In other words, I think it’s a weird thing, but I don’t think it’s exactly supernatural. I think it’s just that we pick up on a lot of information from other people that we make use of without exactly realizing it and this, like I said, just gives you a framework for letting all that information come at you while you make meaning out of it intentionally instead of passively, if that makes sense.
I use my own variation on the Celtic Cross spread, which a lot of folks use, and I have a nice 21 card spread I like a lot, which looks very similar to the one used by the card reader in the painting here.
But I want to talk about not just this painting, but the whole series of paintings of this woman that Harry Herman Roseland did, which you can view over at Mary K. Greer’s excellent tarot blog. Because when I saw them all in a group like that, stuff started jumping out at me that I don’t think I’d have picked up on if I’d just been looking at one painting.
Because, I think, if you just look at one painting, it’s easy enough to get caught up in the intimacy of the reader and the person being read for. Look at how they both lean over the cards, their heads curved in towards each other. The African-American woman is the one with the power, with the literacy to read the cards in a way the white woman can’t. It seems like the Black woman has control of the situation because they seem to be in her house, on her turf.
But when you see them all together like that, other things start to jump out, like the disparity in their social standing. The white women all have on very lovely clothes and the Black woman is dressed in work clothes. Look at how in every single painting, her knitting is close by, in one case, we can see it on her lap. These white women have literally interrupted her work. (Though, I think Greer is right in the comments that we can’t overlook the symbolism of having a woman who works with yarn reading people’s fortunes.) Also, look how many of them keep their hats on, as if, for them, they are still in a potentially public space. And the parasols! Look at how they point towards the reader in so many pictures, reaffirming that no matter what kind of intimacy we might think we’re seeing, there are some strong and potentially violent barriers between them.
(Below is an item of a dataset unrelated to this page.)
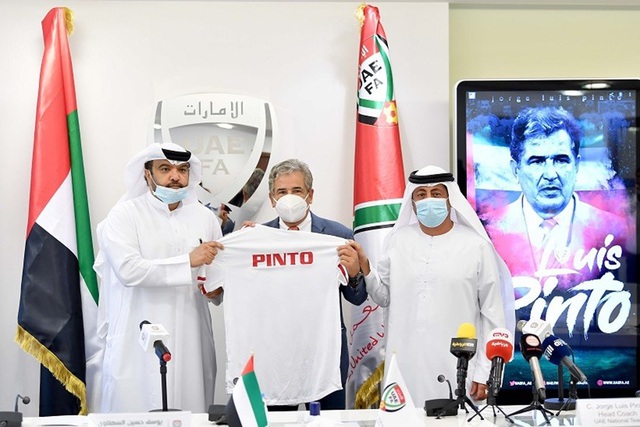 Ra mắt UAE, HLV từng dự World Cup quyết soán ngôi tuyển Việt Nam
I also think it’s interesting that the white women are almost always higher up in the picture, still literally above the reader. But it’s not as if the white women aren’t also in precarious positions. You might stop and see a fortune teller at a fair on a whim, but once you’ve taken the trouble to go to someone’s house (and I think that the fact that the white women are almost always pictured in pairs is not just indicative of it being problematic for them to be out in public alone, but also that they were doing something abnormal for them and wanted moral support), it’s usually about a level of desperation, of needing guidance or an edge in whatever.
It’s easy to imagine that these women are there inquiring about matters of the heart, or whether they will have children, but it’s easy also to loose sight of how important it was for women at that time to be able to do those things, in order to have social security. It might be weird to call it a feminist act, but I look at these paintings and I see a kind of proto-feminist act–women working together, through secret knowledge we don’t see shared with men, to make their lives a little easier to navigate.
I wonder, too, if we aren’t seeing the card reading as a way to mitigate the racial reasons the reader would not be able to present herself as telling the white women something they don’t know; they can maintain a fiction that it’s not her giving advice and passing along wisdom. She’s reading the cards. In one painting, she’s even consulting with a book. And this gives the white women a framework through which they can actually hear from a black woman and take what she says to heart.
As a reader, that’s something I’ve enjoyed, even if I couldn’t articulate it–the ability to speak with authority and be taken seriously, even when it might seem in other circumstances that I couldn’t know what I was talking about
I sometimes think that’s what appeals to me about blogging, too.